Requirement
The data below contains pictures, which are to be skipped; the lines starting at the line with "Monogram Crest Boy" and ending at the line with "Black Polka Dot" are to be output exactly, both ends included.

Dataset records
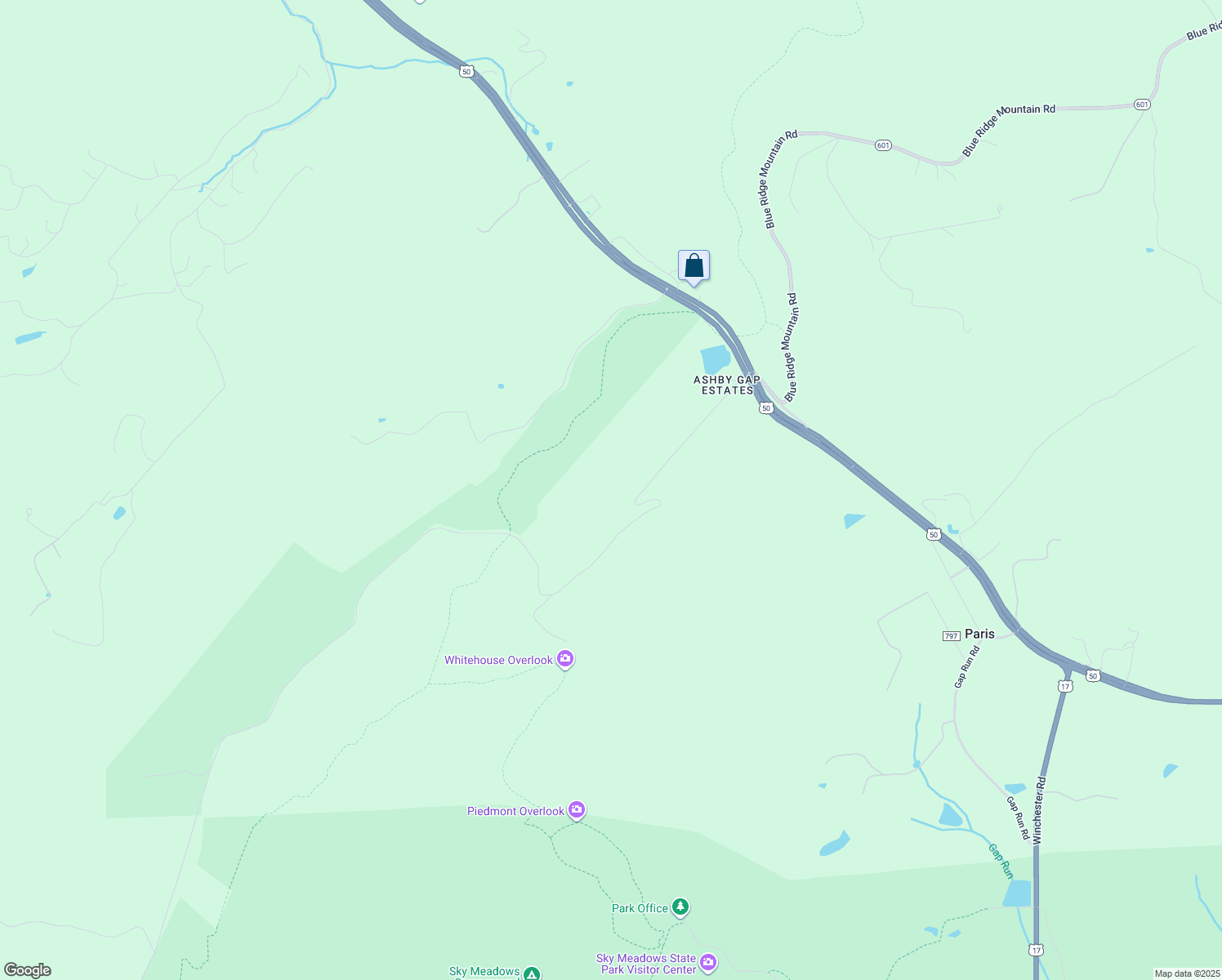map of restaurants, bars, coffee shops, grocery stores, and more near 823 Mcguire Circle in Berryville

--

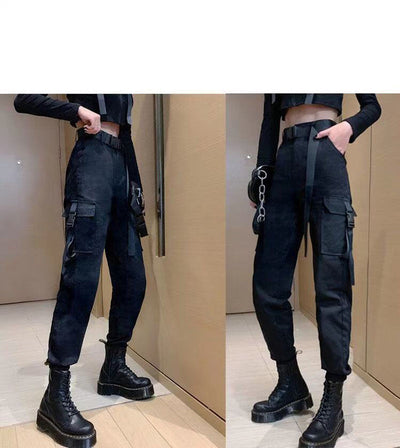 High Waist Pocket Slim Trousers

==

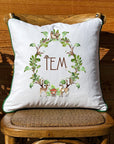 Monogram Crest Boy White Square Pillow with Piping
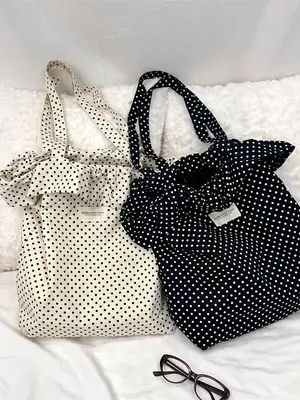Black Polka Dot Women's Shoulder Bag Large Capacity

Written answer
 Monogram Crest Boy White Square Pillow with Piping
Black Polka Dot Women's Shoulder Bag Large Capacity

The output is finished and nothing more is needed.